Those are the things people howl about, and howl they should. But what stayed with me was the lack of genuine engagement of the case by the clinicians involved. The psychiatrist saw him only six times in as many months? The clinical coordinator "said Dan was doing well"? Dan was hardly "doing well." No one was looking.

Psychiatrists and psychiatry take a lot of hits from a lot of places – some deserved, some not so deserved. But the bottom line if you are a psychiatrist is that you become genuinely engaged with the case at hand and you bring everything possible to bear to see that the patient has the best shot at the best recovery that can be achieved, even in the face of persisting disability. This case didn’t even come close to that standard. Dan was pretty disturbed and his recovery was anything but guaranteed, but the care he got didn’t approximate his best shot – not even a good shot. He spent 6 moths languishing in a halfway house on a weak-sister medication that was having, at best, a sub-optimal effect. And he succumbed to a violent psychotic suicide in plain view, a testimony to the inadequacy of the treatment. Such things can happen in the best of circumstances, but this was the nowhere close to the best of circumstances – a patient under care who was neglected.

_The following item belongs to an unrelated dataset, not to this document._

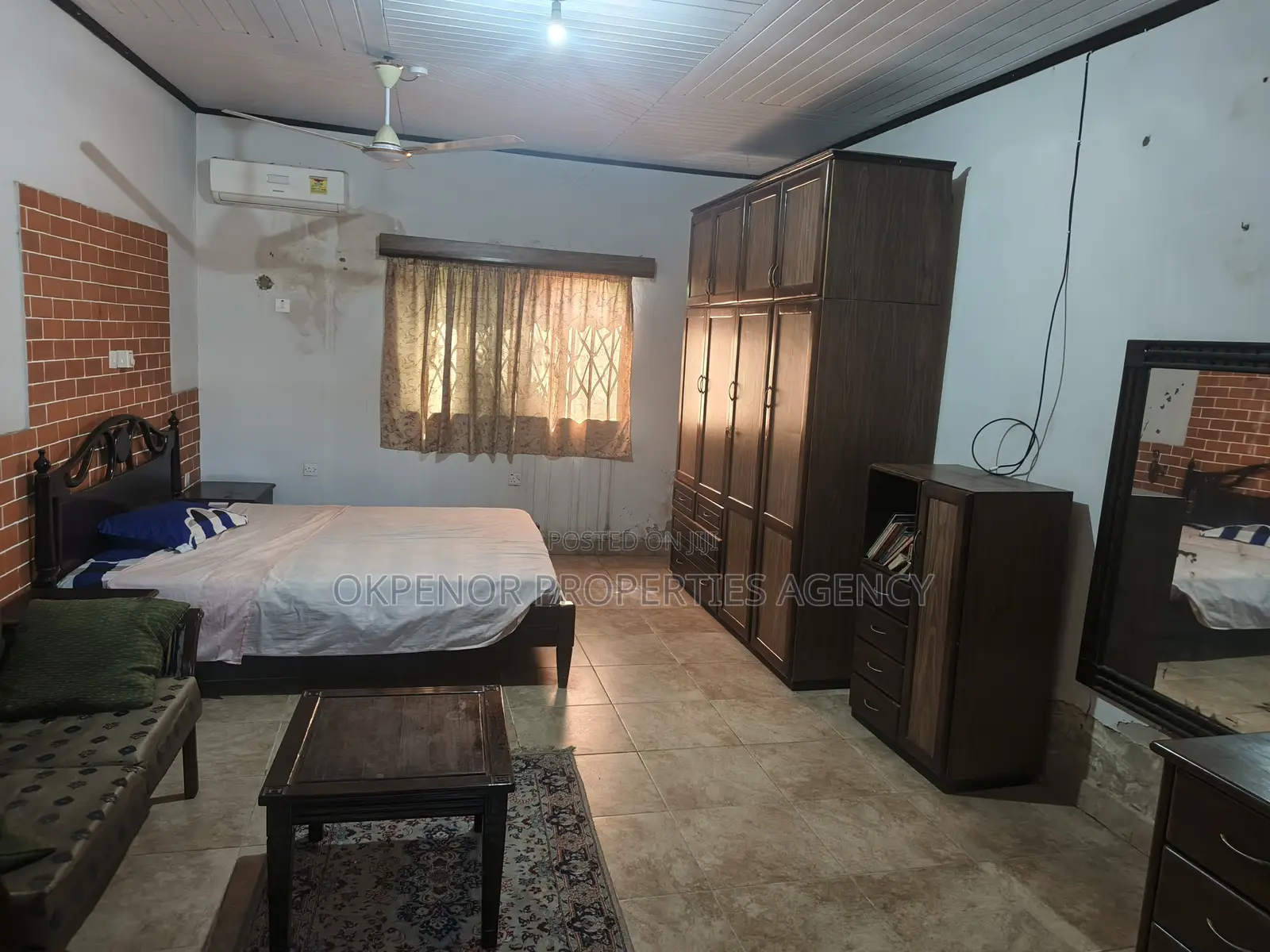 5bdrm House in Community6, Tema Metropolitan for sale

The term burn-out has become part of our daily conversational lingo. It means that a person who has been doing a difficult job has lost whatever extra drive it takes to keep them at the task. The term actually originated in describing the people who work with chronic psychotic patients. It’s hard work, to say the least, and the rewards are intangible – preventing deterioration, sticking with people through relapses, disillusionment with outcomes. When burnout comes, you can feel it, and the right thing to do is move on. You gave what you had until you couldn’t do it anymore. Good for you. Now go do something else. The alternative is to stay around and develop a kind of hardened indifference you can spot from twenty yards. Most people reading this who are in a mental health field know exactly what I’m talking about from seeing it, and perhaps even living it. But some people are able to keep going without ever burning out. They are amazing – the real saints among us, in my humble opinion.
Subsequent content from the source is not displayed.